Vincent van den Berg

Personal information
- Full name: Vincent van den Berg
- Date of birth: 19 January 1989 (age 37)
- Place of birth: Schiedam, Netherlands
- Height: 1.83 m (6 ft 0 in)
- Position: Forward

Team information
- Current team: VFC

Youth career
- –2004: Feyenoord
- 2004–2006: Heerenveen
- 2006–2007: Arsenal

Senior career*
- Years: Team / Apps / (Gls)
- 2007–2009: Arsenal / 0 / (0)
- 2007–2008: → Go Ahead Eagles (loan) / 3 / (0)
- 2008–2009: → FC Zwolle (loan) / 0 / (0)
- 2009–2022: Excelsior Maassluis / 162 / (44)

International career^{‡}
- 2005: Netherlands U17

= Vincent van den Berg =

Dutch footballer

Vincent van den Berg (born 19 January 1989) is a Dutch footballer who plays as a forward. He played for Arsenal, Go Ahead Eagles, FC Zwolle and Excelsior Maassluis. (Note: )

==Club career==
Born in Schiedam, Rotterdam, Van den Berg started off as a youth at Feyenoord's Academy. He went on to play for SC Heerenveen, prior to moving to Arsenal at the age of 17 during the summer of 2006. He played for both Arsenal's Academy and Reserve teams, but only in pre-season friendlies for the first team, most notably as a substitute in Dennis Bergkamp's testimonial match.

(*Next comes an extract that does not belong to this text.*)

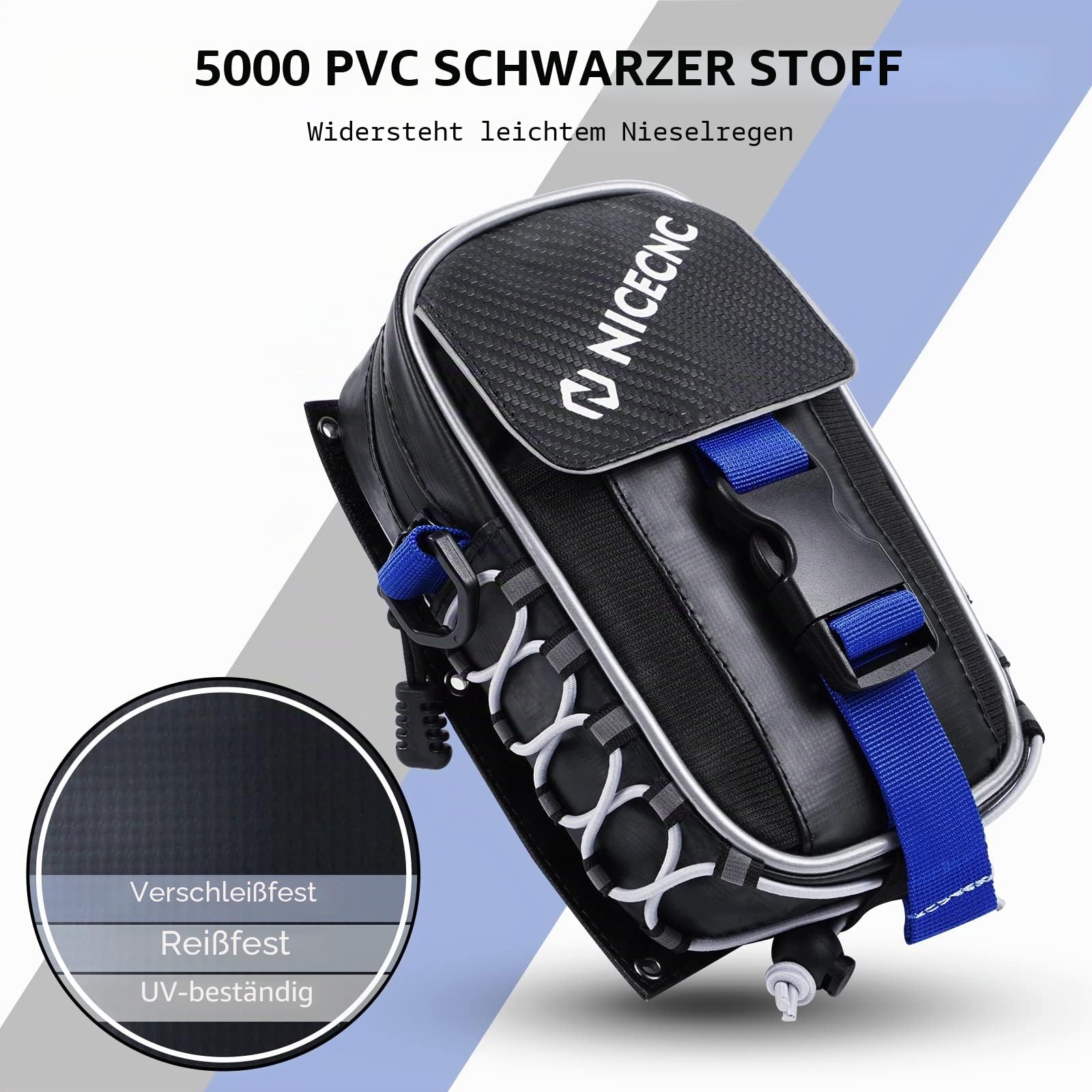 NICECNC Raptor 700 Fender Bag ATV Aufbewahrungstasche PVC Stoff Werkzeug Aufbewahrungstasche Reflektierender Streifen Wasserabweisender Reißverschluss Compatible with Yamaha Raptor 700 ATV Zubehör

On January 7, 2008 Arsenal officially confirmed he would go on loan to Go Ahead Eagles for the second half of the 2007-08 season. He made his debut for Eagles, starting in a friendly match against Samsunspor, during which he was injured and had to be substituted after 25 minutes of play. After recovering, he went on to be capped a total of four times for Go Ahead, without any goals scored altogether.

On 12 August 2008, Van den Berg joined FC Zwolle on loan, for the 2008-09 season, but did not play for the first team, due to injuries.

With his Arsenal contract due to expire in the summer of 2009, he was offered a trial with Sparta Rotterdam, but was again injured. Van den Berg then joined up with Excelsior Maassluis in August 2009. Whilst featuring at and away from the Lavendelstraat, Van Den Berg was victorious in the 2013 Hoofdklasse. He also went on with Excelsior, to win the Derde Divisie title of 2016. With this victory Excelsior earned promotion to the Tweede Divisie.

Van den Berg retired in 2022 but returned to amateur football with VFC in 2025.

==International career==
Van den Berg played for the Netherlands U17 team, and so was a member of the side that went on to win a bronze medal at the 2005 FIFA U-17 World Cup in Peru.

==Honours==

===Club===
- Excelsior Maassluis
- Hoofdklasse: 2013
- Derde Divisie: 2016

===International===
- Holland
- 2005 FIFA U-17 World Cup: Bronze Medal.